The unchanging atomic second emerged in the 1970s as a constant value of this fundamental time interval. Atomic seconds are measured using the natural resonance frequency of cesium-133 atoms. 86,400 atomic seconds no longer represent the true, variable rotation rate of the Earth, which can be monitored using interferometer measurement of very precise benchmarks in distant constellations. The difference between atomic time and Earth’s rotation, called Coordinated Universal Time (abbreviated UTC), is monitored and published to aid activities that depend on precise synchronization with the planet’s rotation. When the difference approaches a whole second, a leap second adjustment to UTC is necessary. Many important processes are designed to accommodate the adjustment. The adjustment can be scheduled for the final day of any month, but the convention is the last day of December or June. The clock must keep counting seconds—57, 58, 59, 60, 0, 1—and not roll over from 59 to zero. The last minute of the UTC day will have 61 seconds. (Negative leap seconds are possible, if the Earth starts to rotate more rapidly, but have never occurred yet.) It sounds simple, and the rules have existed for more than 40 years.

The leap second is not just a technical oddity. UTC as currently defined with leap seconds is mean solar time, a subdivision of calendar date required for many religions and cultures. In Japan every document of significance is time stamped with UTC. The breadth of application is exposed in several publications, linked below. Temps Atomique International (TAI), a time scale without leap seconds, is available worldwide. It is a running count of atomic seconds beginning at the inception of UTC. UTC is TAI minus accumulated leap seconds. Those who do not care about leap seconds can use TAI instead. GPS time is always precisely 19 seconds behind TAI by convention. There is no need to deprecate the leap second in UTC.

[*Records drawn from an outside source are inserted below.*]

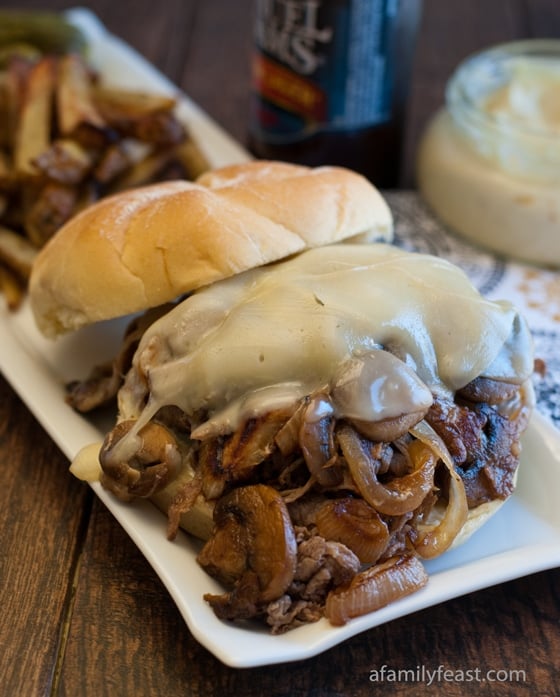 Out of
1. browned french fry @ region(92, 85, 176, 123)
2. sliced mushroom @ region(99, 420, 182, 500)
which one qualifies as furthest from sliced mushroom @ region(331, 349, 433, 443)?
browned french fry @ region(92, 85, 176, 123)

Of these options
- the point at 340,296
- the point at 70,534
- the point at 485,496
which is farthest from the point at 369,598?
the point at 70,534

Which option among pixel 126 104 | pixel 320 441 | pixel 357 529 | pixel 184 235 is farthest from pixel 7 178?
pixel 357 529

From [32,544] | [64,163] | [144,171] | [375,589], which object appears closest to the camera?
[375,589]

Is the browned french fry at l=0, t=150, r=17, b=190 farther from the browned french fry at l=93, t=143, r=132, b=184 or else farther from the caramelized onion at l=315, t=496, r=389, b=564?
the caramelized onion at l=315, t=496, r=389, b=564

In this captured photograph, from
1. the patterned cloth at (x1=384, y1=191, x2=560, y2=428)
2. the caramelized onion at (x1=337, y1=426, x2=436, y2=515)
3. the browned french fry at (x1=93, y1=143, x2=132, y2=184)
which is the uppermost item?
the caramelized onion at (x1=337, y1=426, x2=436, y2=515)

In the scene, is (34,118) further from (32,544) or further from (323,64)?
(32,544)

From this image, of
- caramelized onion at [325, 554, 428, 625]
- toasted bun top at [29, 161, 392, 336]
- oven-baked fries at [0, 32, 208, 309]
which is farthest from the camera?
oven-baked fries at [0, 32, 208, 309] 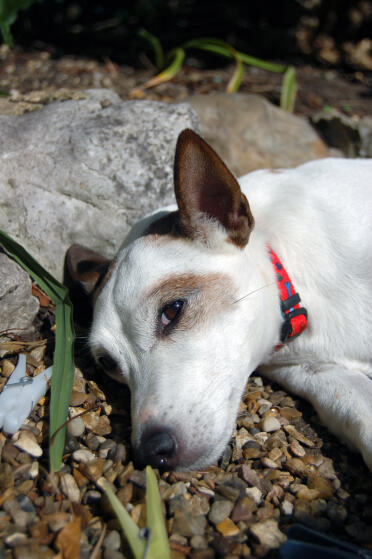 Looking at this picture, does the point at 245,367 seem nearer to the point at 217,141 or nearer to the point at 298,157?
the point at 217,141

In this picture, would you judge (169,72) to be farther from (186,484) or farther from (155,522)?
(155,522)

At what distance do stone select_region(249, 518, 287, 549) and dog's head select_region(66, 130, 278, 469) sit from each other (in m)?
0.33

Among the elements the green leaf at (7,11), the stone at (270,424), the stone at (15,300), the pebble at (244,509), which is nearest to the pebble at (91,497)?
the pebble at (244,509)

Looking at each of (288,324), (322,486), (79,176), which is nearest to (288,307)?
(288,324)

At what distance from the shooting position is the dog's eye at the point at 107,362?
2.60m

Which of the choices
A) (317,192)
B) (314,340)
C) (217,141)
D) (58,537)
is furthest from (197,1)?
(58,537)

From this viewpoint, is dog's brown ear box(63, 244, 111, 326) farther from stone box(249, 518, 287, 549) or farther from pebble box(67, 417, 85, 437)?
stone box(249, 518, 287, 549)

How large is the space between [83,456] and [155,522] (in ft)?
1.94

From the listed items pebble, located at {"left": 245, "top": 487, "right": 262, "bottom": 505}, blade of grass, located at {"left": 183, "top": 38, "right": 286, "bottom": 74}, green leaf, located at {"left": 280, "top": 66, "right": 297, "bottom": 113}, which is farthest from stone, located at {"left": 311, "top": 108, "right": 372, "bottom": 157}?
pebble, located at {"left": 245, "top": 487, "right": 262, "bottom": 505}

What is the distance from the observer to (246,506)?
2.17m

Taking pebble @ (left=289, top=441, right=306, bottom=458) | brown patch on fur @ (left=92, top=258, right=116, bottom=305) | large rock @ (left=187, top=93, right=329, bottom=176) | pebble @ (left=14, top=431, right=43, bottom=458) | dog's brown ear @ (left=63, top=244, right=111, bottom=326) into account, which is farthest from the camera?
large rock @ (left=187, top=93, right=329, bottom=176)

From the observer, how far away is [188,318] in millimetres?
2377

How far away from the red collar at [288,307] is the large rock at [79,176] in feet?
4.07

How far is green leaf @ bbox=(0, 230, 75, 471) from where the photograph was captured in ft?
7.34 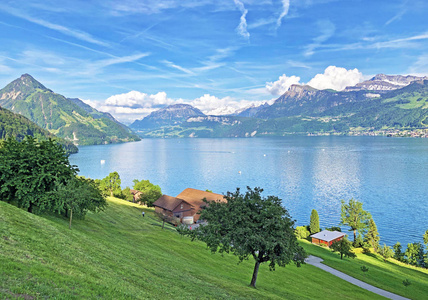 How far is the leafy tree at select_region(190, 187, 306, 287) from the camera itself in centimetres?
2578

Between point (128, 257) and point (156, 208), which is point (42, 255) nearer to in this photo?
point (128, 257)

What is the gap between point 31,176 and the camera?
33.4m

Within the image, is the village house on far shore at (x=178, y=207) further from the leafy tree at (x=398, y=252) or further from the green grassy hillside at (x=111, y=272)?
the leafy tree at (x=398, y=252)

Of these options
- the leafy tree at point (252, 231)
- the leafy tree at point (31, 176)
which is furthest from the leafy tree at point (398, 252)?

Nonetheless, systems that are not time critical to within one second sometimes have problems with the transition. There have not been any permanent consequences due to leap second ignorance. However, leap seconds are an inconvenience to some. That group has for two decades petitioned the International Telecommunications Union (ITU) to stop using the leap second. The last World Radiocommunication Conference (WRC 2012) mandated further study and consideration at the next (WRC 2015) to occur shortly.

As Steve Allen writes on his website about the leap second debate: The 2012 World Radiocommunication Conference produced Resolution 653 [COM6/20] (WRC-12), (which has become WRC-15 Agenda Item 1.14, and directs the ITU-R to prepare this meeting for another vote on the fate of leap seconds in UTC. The result of that vote will decide whether the definition of the word "day" will change to depend solely on cesium atoms or whether the word "day" will continue to be related to the rotation of the Earth, as specified in existing international agreements.

If there is a change, the transition will extend over about two decades. Those who need the leap second, such as astrophysicists and navigators, would suffer costly and risky burdens, as major software and hardware updates would be required. However, even those who do not want the leap second would have to accommodate the change.

Convenience should not trump necessity. We create and enforce standards for those who need them, not for those who do not need them. Save the leap second.